Every line from the one containing "Gray Leggings 🌫️" through the end of the listing below must be given again exactly, and nothing else; exclude pictures.

=-=-=

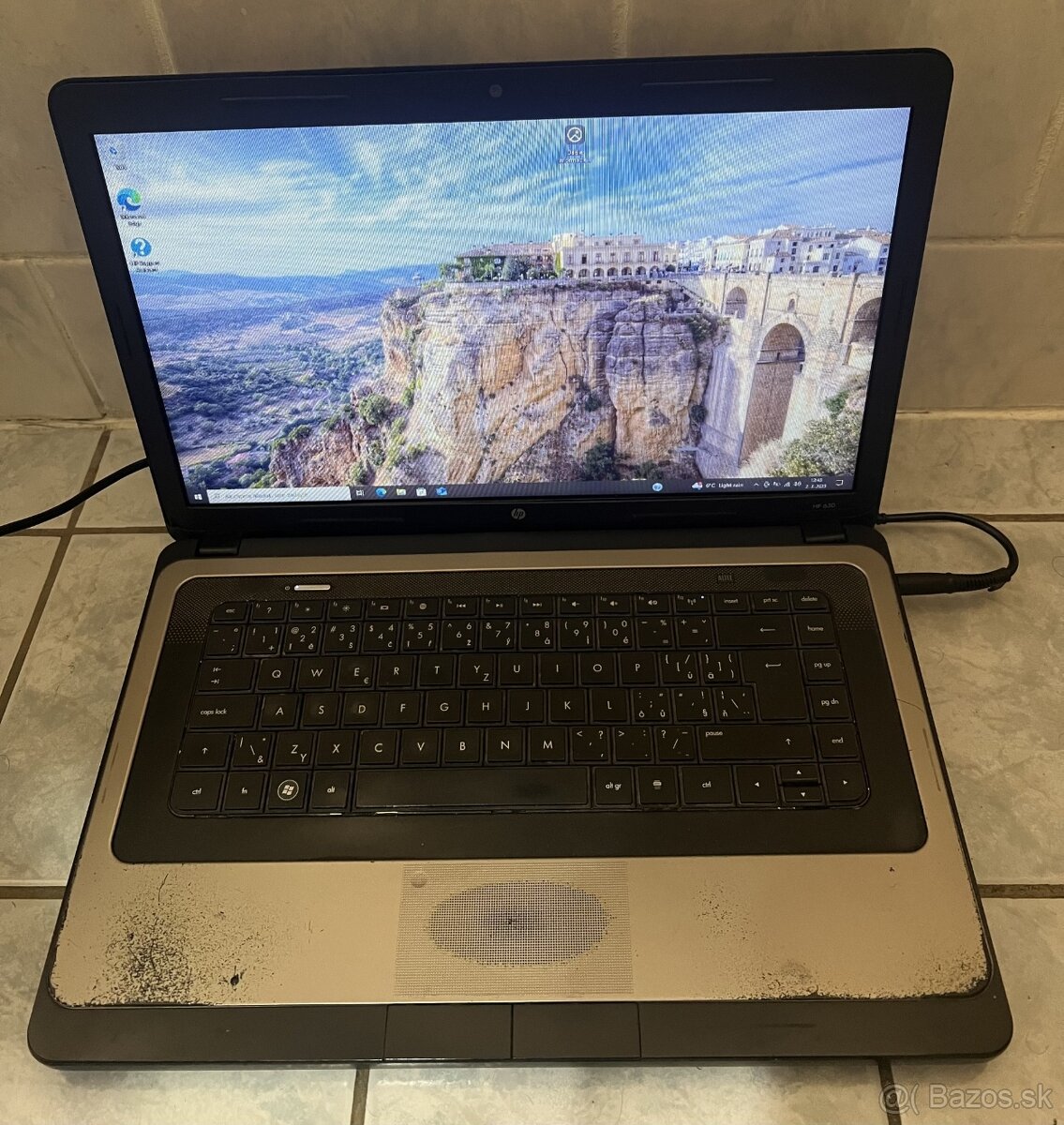 HP 630 - Intel B960 - 4GB RAM - 320GB HDD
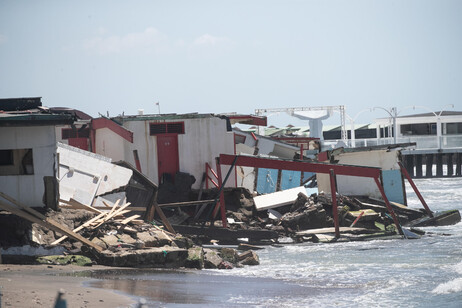 2486493d8eb5bb7b12649737e6e24132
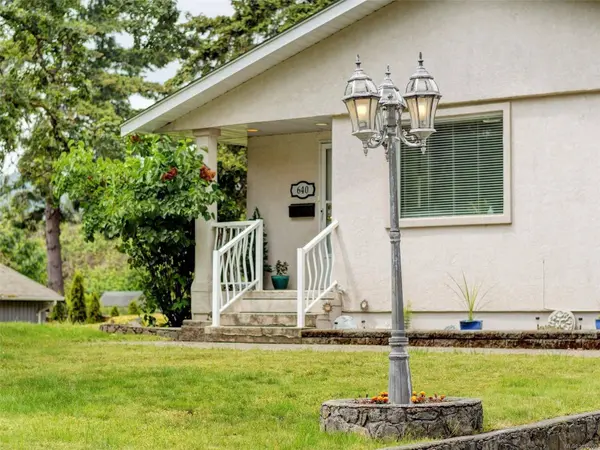 640 Strandlund Ave, Langford, BC V9B 3E9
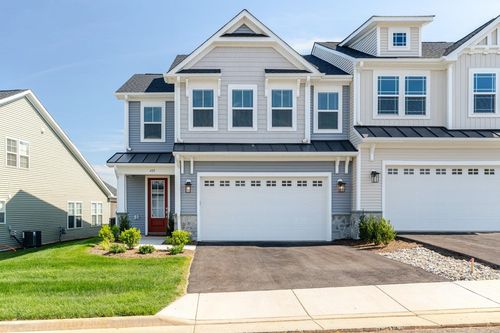 237 Ridgeline Dr, WAYNESBORO, VA, 22980-3264 | Card Image
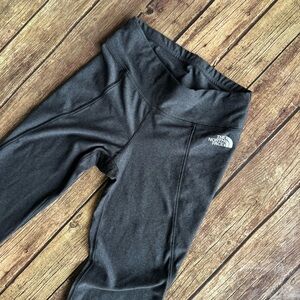 🌫️ The North Face Women’s Charcoal Gray Leggings 🌫️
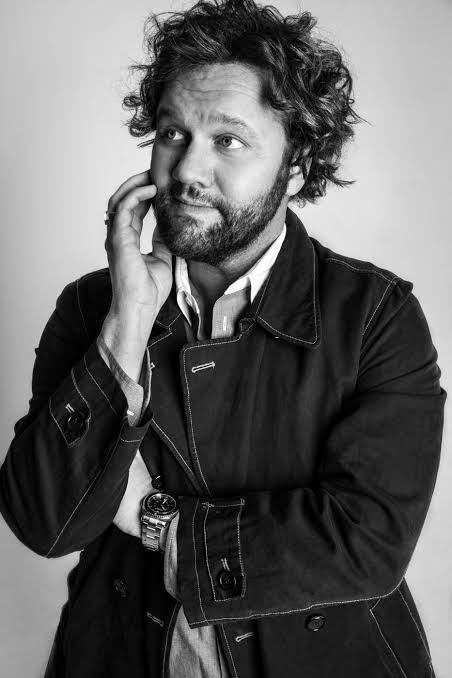 Singer David Phelps to play classics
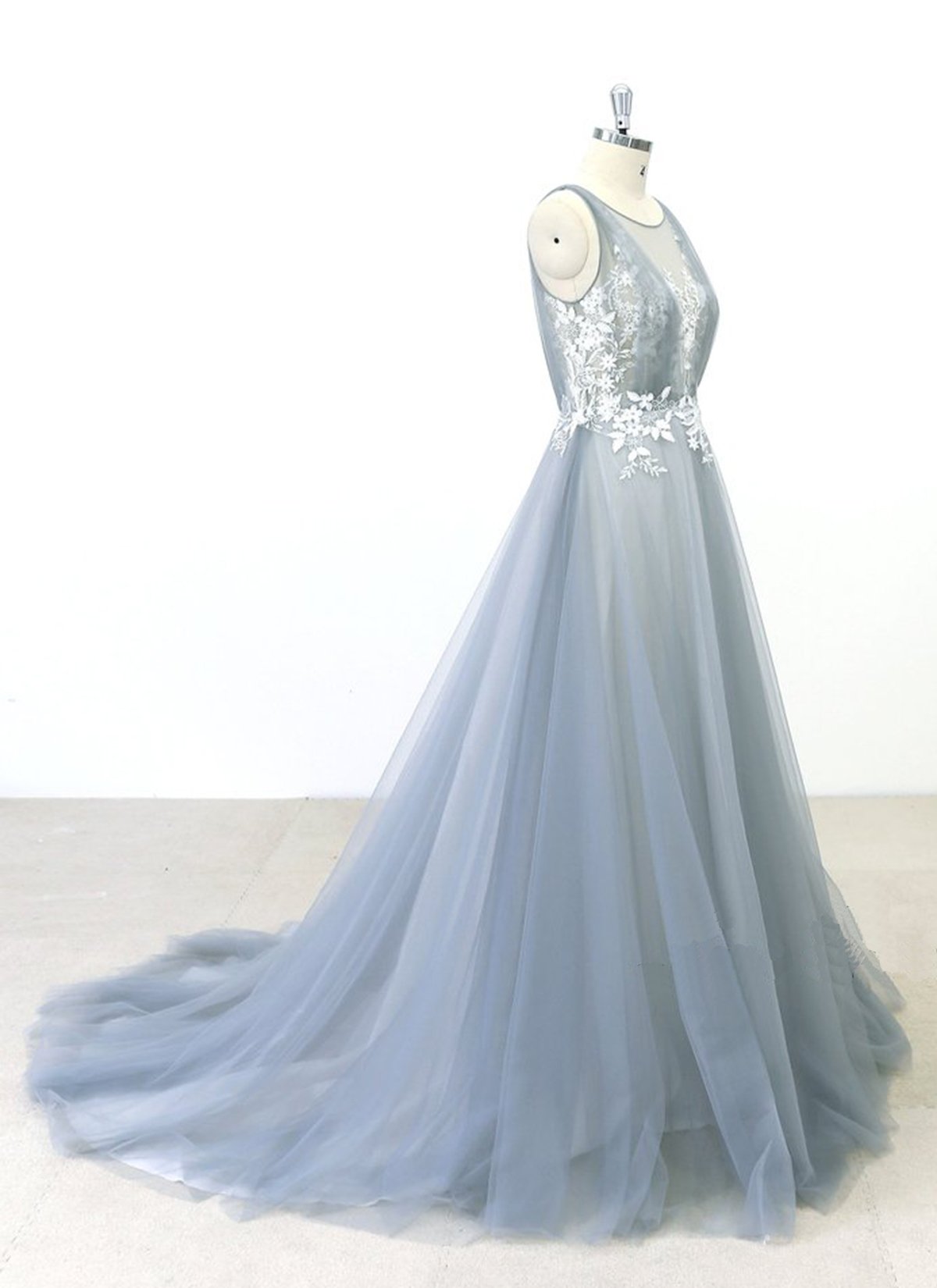 Elegant Gray Tulle Round Neck Beach Wedding Dress Jewel Sweep Train Bridal Gowns On Sale (ZD17450)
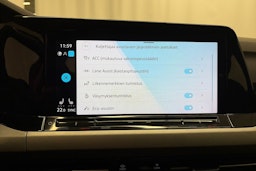 Punainen Volkswagen GOLF 2021 kuva 22.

=-=-=

- [Solution below]:
 🌫️ The North Face Women’s Charcoal Gray Leggings 🌫️
 Singer David Phelps to play classics
 Elegant Gray Tulle Round Neck Beach Wedding Dress Jewel Sweep Train Bridal Gowns On Sale (ZD17450)
 Punainen Volkswagen GOLF 2021 kuva 22.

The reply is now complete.